• THE PROBLEM: Return, without pictures, the lines from the start of the data through the one that contains "هافن 6 تلميحات".

• GIVEN INFORMATION:
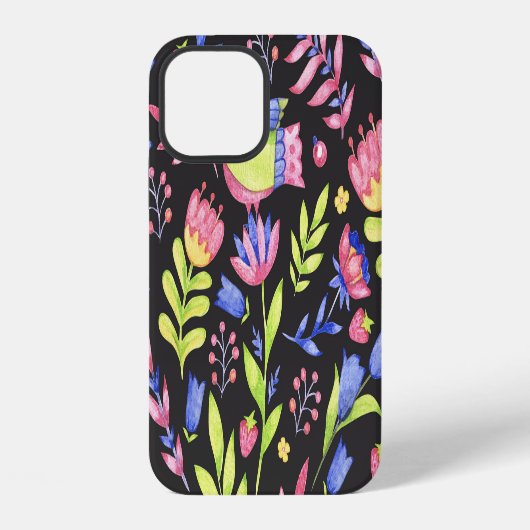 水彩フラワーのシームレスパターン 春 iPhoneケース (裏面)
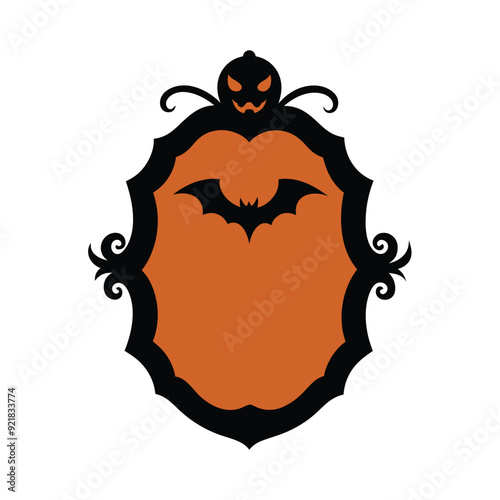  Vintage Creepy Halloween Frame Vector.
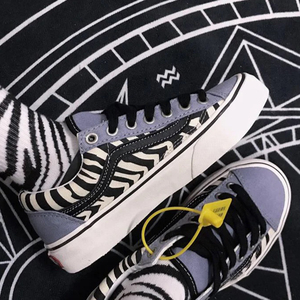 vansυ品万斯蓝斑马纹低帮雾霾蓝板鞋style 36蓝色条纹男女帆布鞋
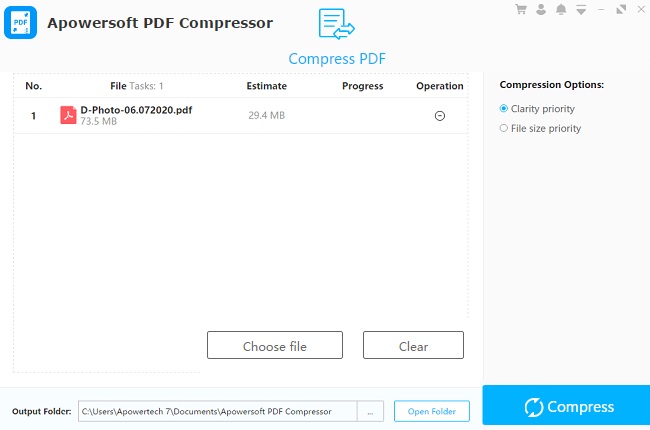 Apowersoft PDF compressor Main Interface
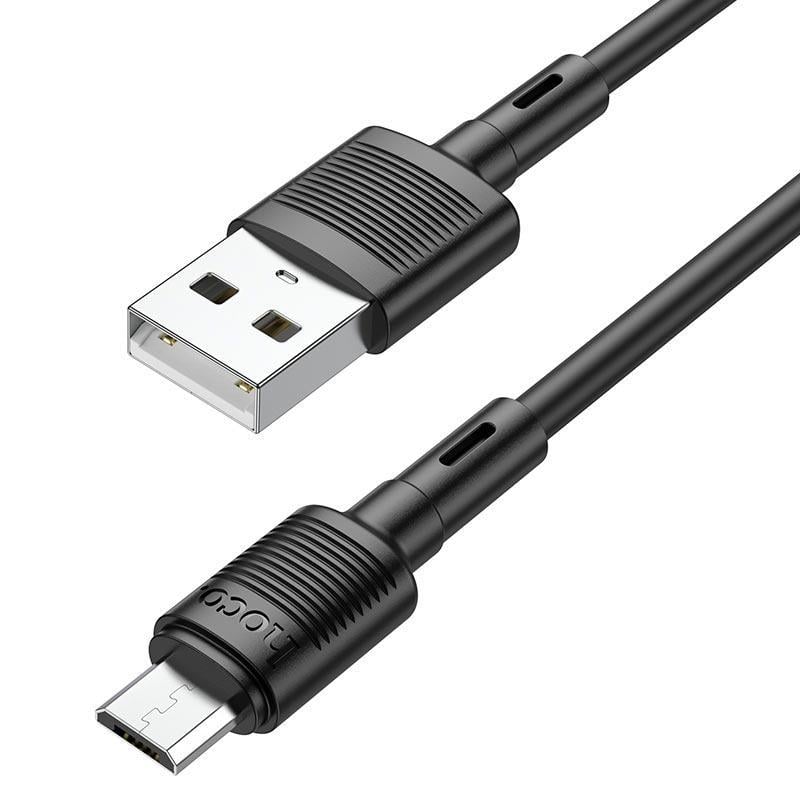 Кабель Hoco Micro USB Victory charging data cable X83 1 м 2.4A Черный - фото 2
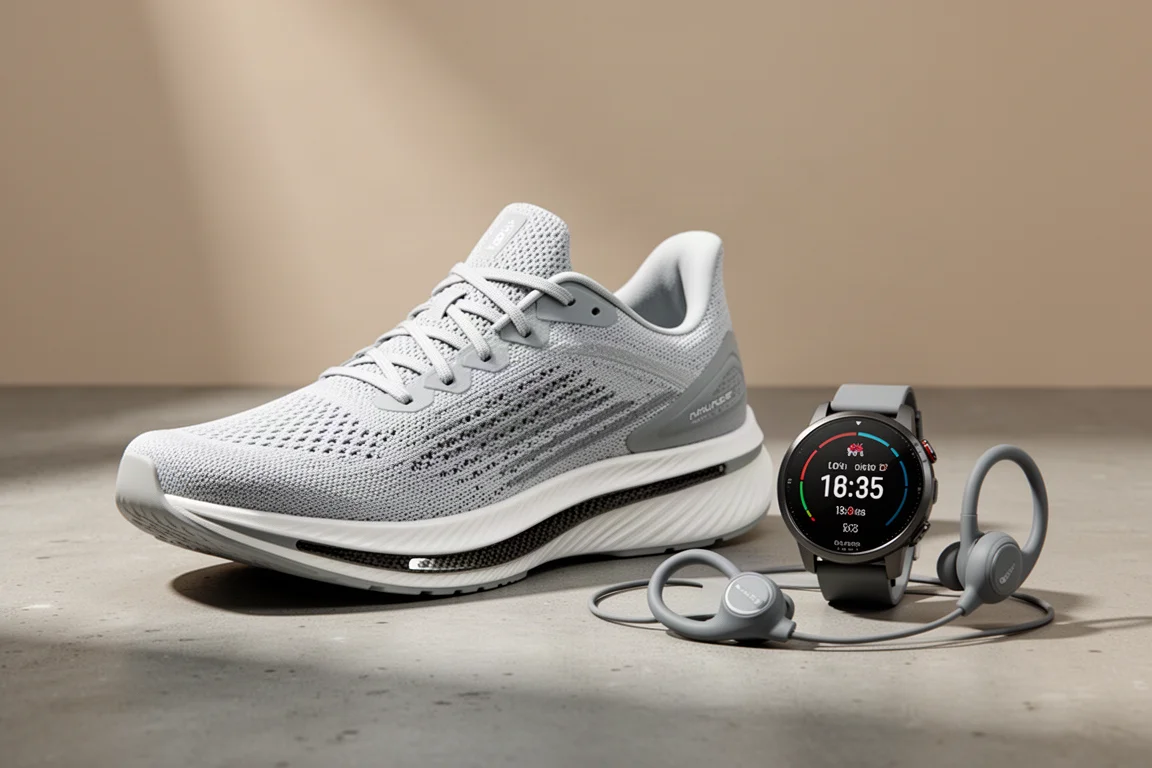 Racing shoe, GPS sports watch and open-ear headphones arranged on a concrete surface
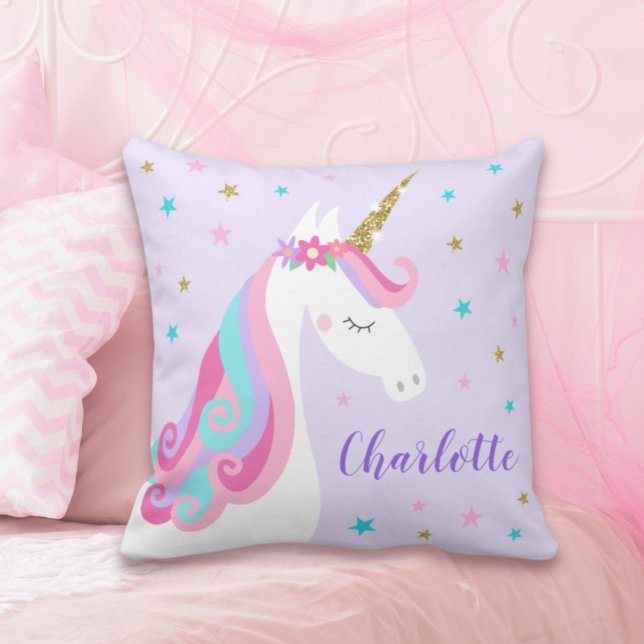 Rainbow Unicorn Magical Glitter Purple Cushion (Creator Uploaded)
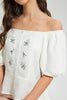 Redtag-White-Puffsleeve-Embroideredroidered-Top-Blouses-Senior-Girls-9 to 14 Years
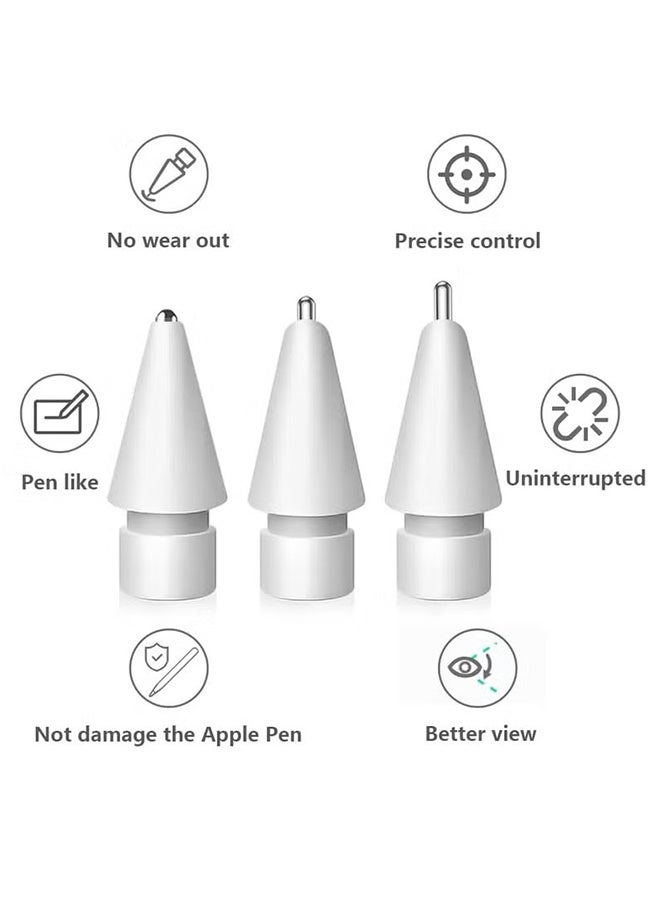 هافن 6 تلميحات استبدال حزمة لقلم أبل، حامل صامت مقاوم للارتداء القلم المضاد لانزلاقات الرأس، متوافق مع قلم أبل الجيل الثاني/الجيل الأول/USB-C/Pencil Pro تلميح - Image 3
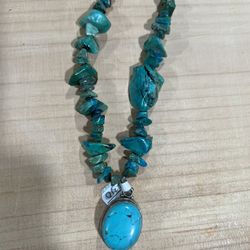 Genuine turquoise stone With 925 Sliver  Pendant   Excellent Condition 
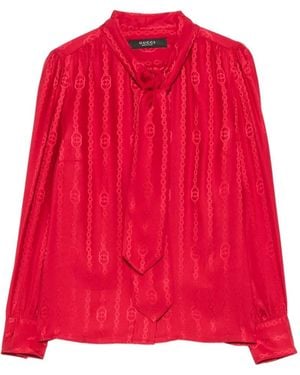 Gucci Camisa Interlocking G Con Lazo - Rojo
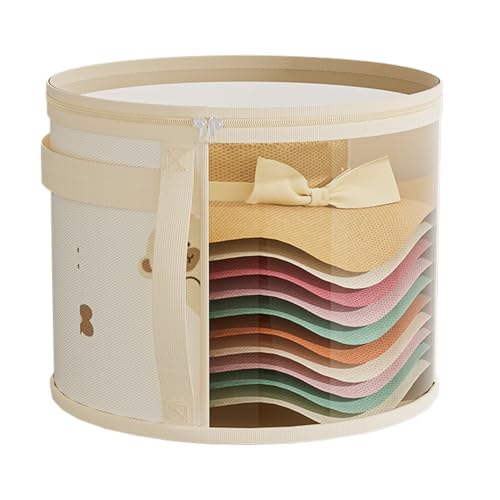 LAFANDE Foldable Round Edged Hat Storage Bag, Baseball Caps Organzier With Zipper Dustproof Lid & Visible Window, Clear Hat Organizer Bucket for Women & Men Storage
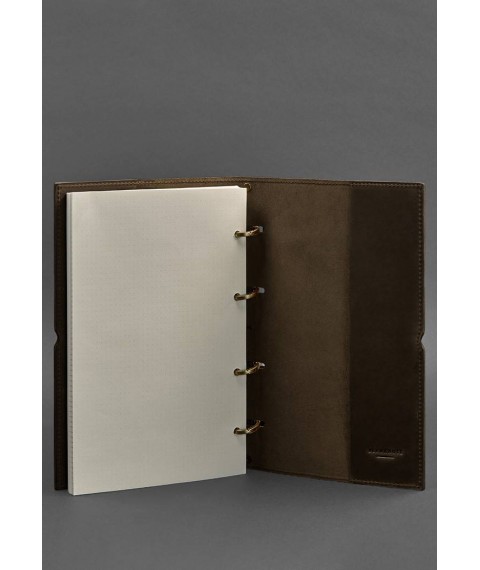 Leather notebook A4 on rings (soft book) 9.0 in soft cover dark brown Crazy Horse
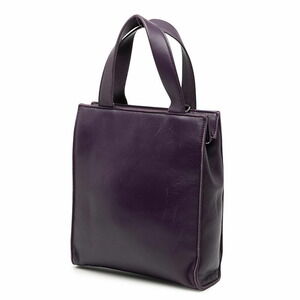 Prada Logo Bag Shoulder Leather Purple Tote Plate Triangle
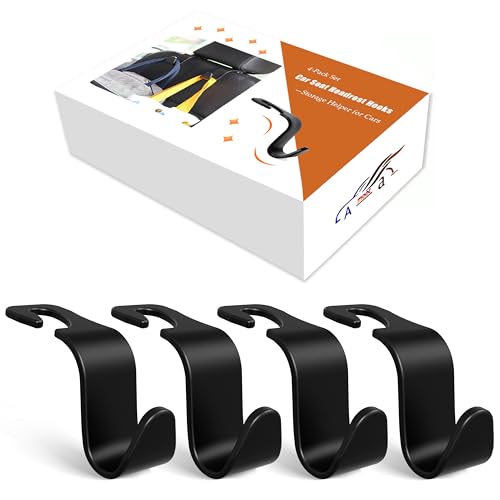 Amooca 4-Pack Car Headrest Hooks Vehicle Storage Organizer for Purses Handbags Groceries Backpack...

• OUTPUT BELOW:
 水彩フラワーのシームレスパターン 春 iPhoneケース (裏面)
  Vintage Creepy Halloween Frame Vector.
 vansυ品万斯蓝斑马纹低帮雾霾蓝板鞋style 36蓝色条纹男女帆布鞋
 Apowersoft PDF compressor Main Interface
 Кабель Hoco Micro USB Victory charging data cable X83 1 м 2.4A Черный - фото 2
 Racing shoe, GPS sports watch and open-ear headphones arranged on a concrete surface
 Rainbow Unicorn Magical Glitter Purple Cushion (Creator Uploaded)
 Redtag-White-Puffsleeve-Embroideredroidered-Top-Blouses-Senior-Girls-9 to 14 Years
 هافن 6 تلميحات استبدال حزمة لقلم أبل، حامل صامت مقاوم للارتداء القلم المضاد لانزلاقات الرأس، متوافق مع قلم أبل الجيل الثاني/الجيل الأول/USB-C/Pencil Pro تلميح - Image 3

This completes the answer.